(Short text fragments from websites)
○ ○ ○

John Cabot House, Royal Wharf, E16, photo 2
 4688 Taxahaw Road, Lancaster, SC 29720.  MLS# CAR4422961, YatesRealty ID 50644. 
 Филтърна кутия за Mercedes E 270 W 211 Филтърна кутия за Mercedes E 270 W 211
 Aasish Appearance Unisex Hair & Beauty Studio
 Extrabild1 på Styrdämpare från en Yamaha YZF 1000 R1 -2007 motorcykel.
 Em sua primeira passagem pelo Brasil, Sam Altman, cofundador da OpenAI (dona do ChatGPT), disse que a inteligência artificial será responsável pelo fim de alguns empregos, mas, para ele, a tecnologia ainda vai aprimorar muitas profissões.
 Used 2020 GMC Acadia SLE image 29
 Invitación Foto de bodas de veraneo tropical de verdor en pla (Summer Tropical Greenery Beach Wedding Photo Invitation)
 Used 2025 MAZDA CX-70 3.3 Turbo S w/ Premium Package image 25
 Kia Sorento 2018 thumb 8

○ ○ ○

- Task description:
Write out again exactly the lines that run from the one holding "4688 Taxahaw Road, Lancaster, SC" through the last line of the data; omit all other lines.

- Response to the task:
 4688 Taxahaw Road, Lancaster, SC 29720.  MLS# CAR4422961, YatesRealty ID 50644. 
 Филтърна кутия за Mercedes E 270 W 211 Филтърна кутия за Mercedes E 270 W 211
 Aasish Appearance Unisex Hair & Beauty Studio
 Extrabild1 på Styrdämpare från en Yamaha YZF 1000 R1 -2007 motorcykel.
 Em sua primeira passagem pelo Brasil, Sam Altman, cofundador da OpenAI (dona do ChatGPT), disse que a inteligência artificial será responsável pelo fim de alguns empregos, mas, para ele, a tecnologia ainda vai aprimorar muitas profissões.
 Used 2020 GMC Acadia SLE image 29
 Invitación Foto de bodas de veraneo tropical de verdor en pla (Summer Tropical Greenery Beach Wedding Photo Invitation)
 Used 2025 MAZDA CX-70 3.3 Turbo S w/ Premium Package image 25
 Kia Sorento 2018 thumb 8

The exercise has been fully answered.